The Bush administration's latest story line about Iraq -- that Iran is now the primary problem there -- should be greeted with profound skepticism.

Not only is it the latest in a series of rationales for U.S. involvement in Iraq, most of which have turned out to be based on flawed intelligence, misrepresentations or outright dishonesty.

But there are at least two illegitimate reasons why the White House would want the American public to see Iran as a threat right now.

One is that President Bush needs a definable, demonizable enemy for public-relations purposes, to take attention away from the reality that U.S. troops remain perilously and indefinitely astride several civil wars and resistance movements.

And the other is that the White House -- or at least the Cheney faction within it -- is still eager to do something definitive to curb Iran's nuclear ambitions before the end of Bush's term. With a preemptive strike off the table, advocates of a military attack could be looking for a provocation they could turn into a casus belli.

And so, nothing these people say at this point should be taken at face value -- even when it's supported by military officials on the ground. Many sincere people with plausible-sounding assessments have turned out to be selling a bill of goods when it comes to Iraq.

When they assert that the Iranian government is intentionally arming anti-American fighters, they should be asked to back up the claim. As mideast expert Juan Cole recently told Gary Kamiya of Salon: "There's no proof for that, and whenever the U.S. Army is pressed for evidence, they always back off." Simply proving the existence of Iranian weapons in enemy hands is not enough, incidentally -- considering how widely available they are on the black market.

Similarly, anecdotal evidence shouldn't be accepted as a rationale for policy.

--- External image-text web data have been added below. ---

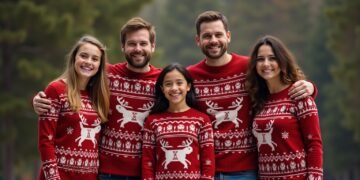 weihnachtsoutfit familie-Titel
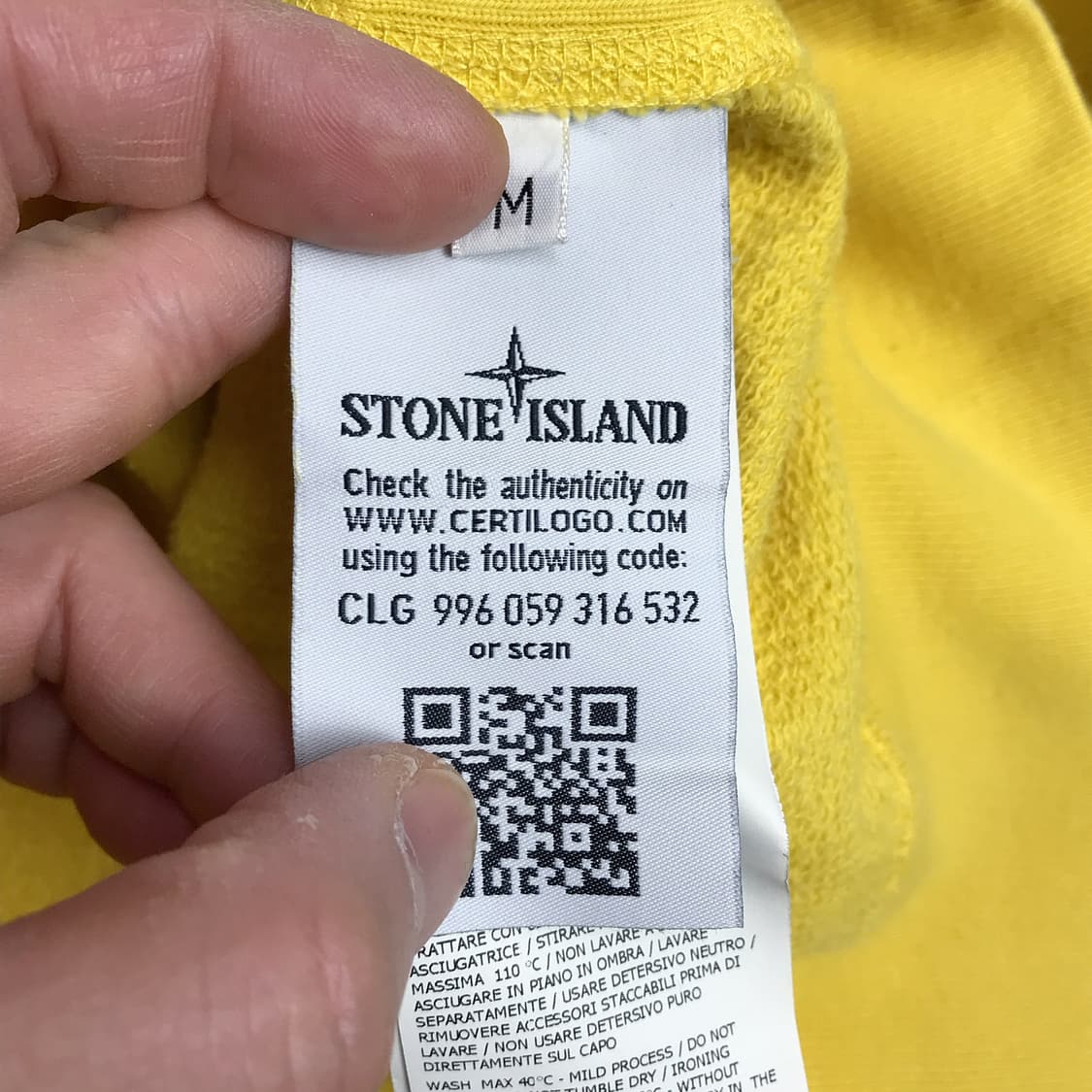 스톤아일랜드 후드 티셔츠 남성M 상품이미지8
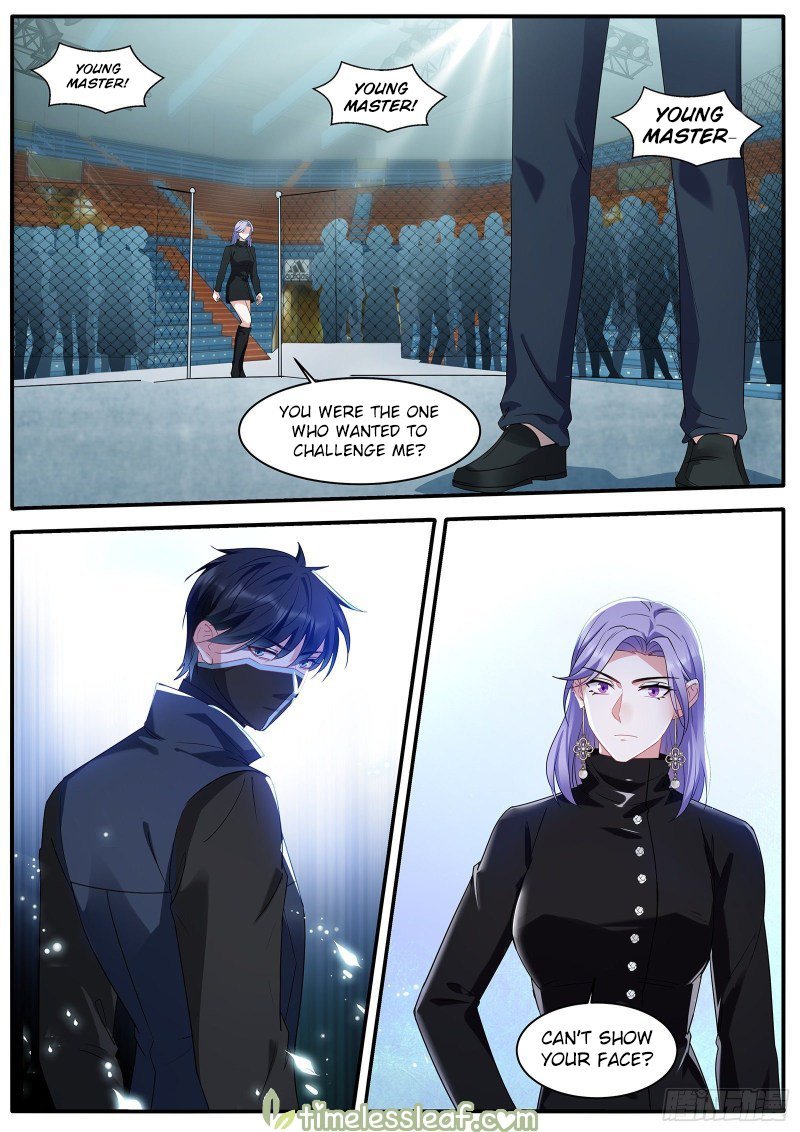 Goddess Creation System Chapter 449 - page 1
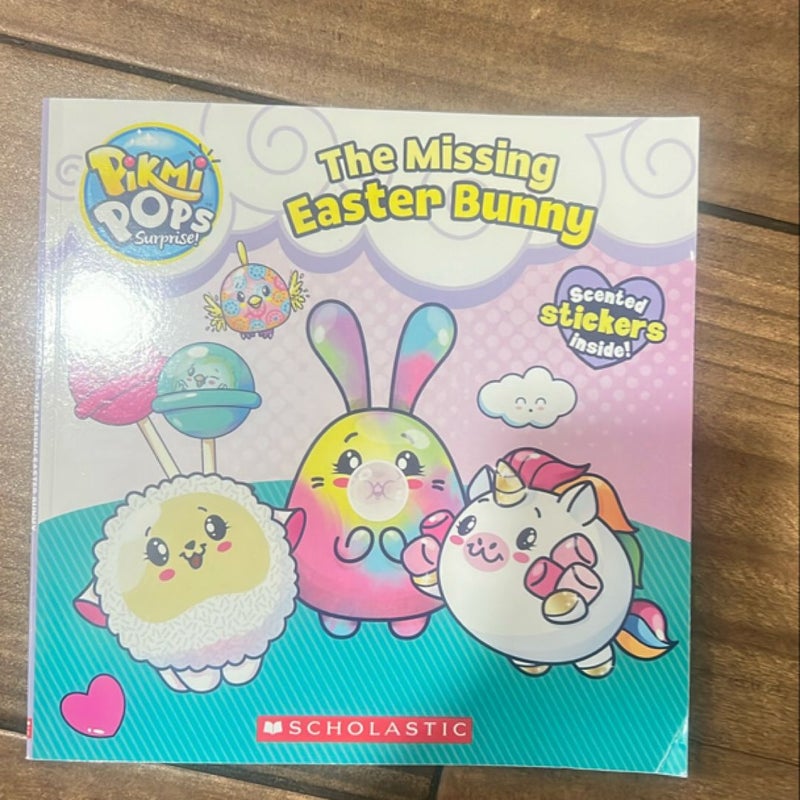 The Missing Easter Bunny (Pikmi Pops)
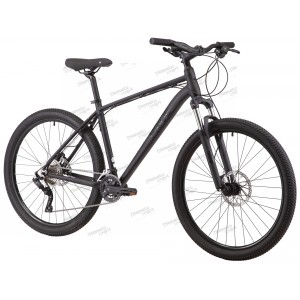 Велосипед 29" Pride MARVEL 9.3 рама - XL 2022 черный (тормоза SRAM, задний переключатель и манетка - MICROSHIFT)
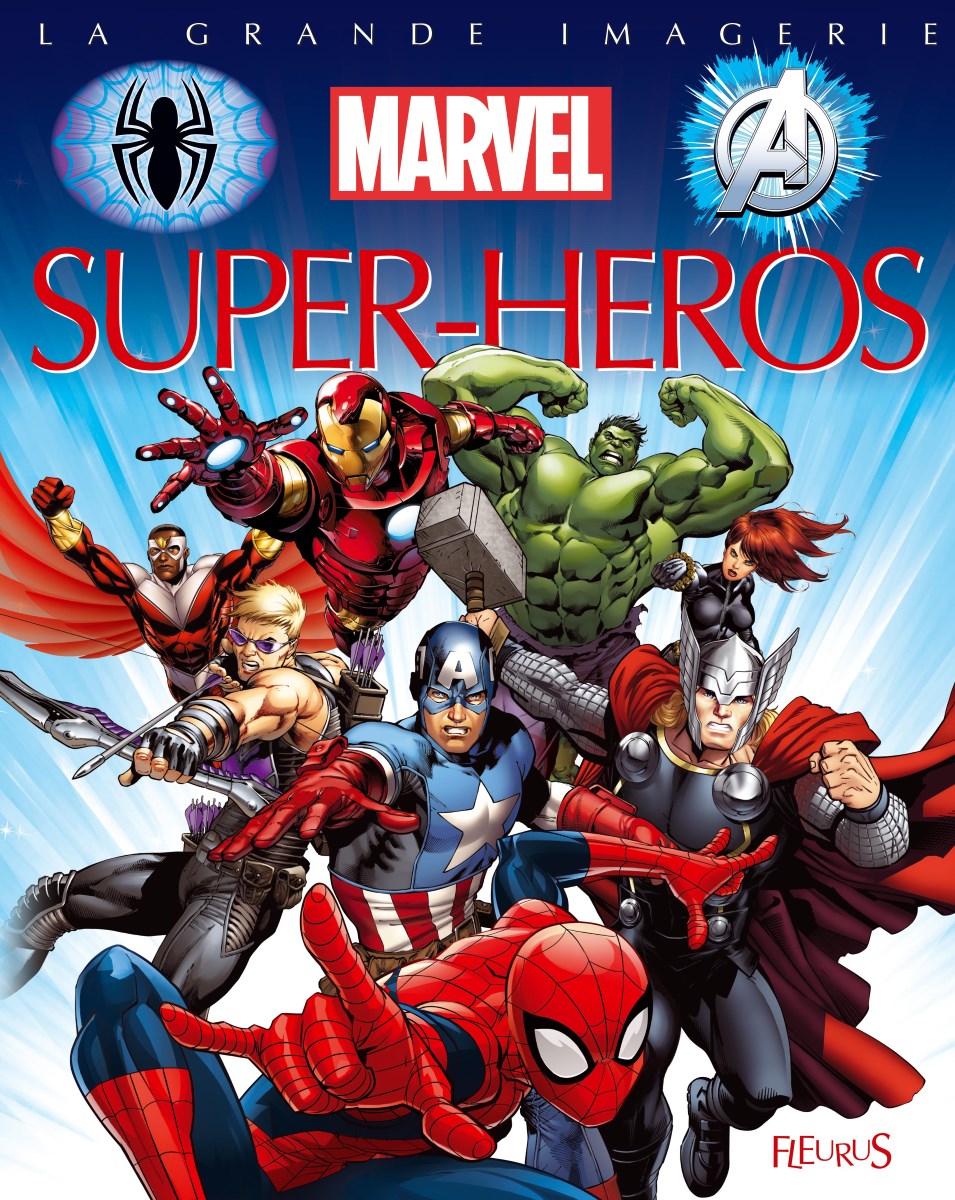 fleurus avengers spiderman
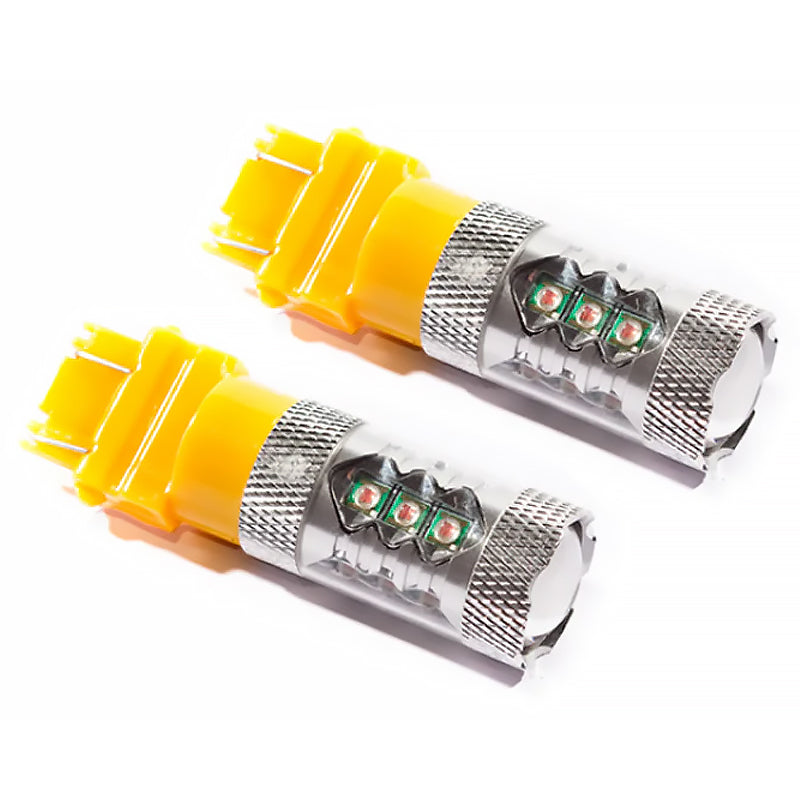 Diode Dynamics 3157 LED Bulb XP80 LED - Amber (Pair)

Fool me once, as Bush says.

Laurent Lozano writes for AFP: "The US rationale for war in Iraq has morphed from ousting strongman Saddam Hussein, to countering Al-Qaeda militants to its latest incarnation -- facing down what officials in President George W. Bush's administration call the Iranian 'threat'.

"'Iraq is the convergence point for two of the greatest threats to America in this new century: Al-Qaeda and Iran," Bush said last week, renewing accusations that the Islamic republic is backing Iraqi militias hostile to US forces and covertly seeking nuclear weapons. . . .

"With Saddam dead and Al-Qaeda weakened -- according to Bush -- Iranian-financed extremists, which top US commander in Iraq David Petraeus has called 'special groups,' have emerged as a key reason for maintaining US troop levels in Iraq.

"However, exactly what steps the United States may take to counter this 'threat' remain unclear, and depend largely on Bush's decisions in his remaining nine months in the White House."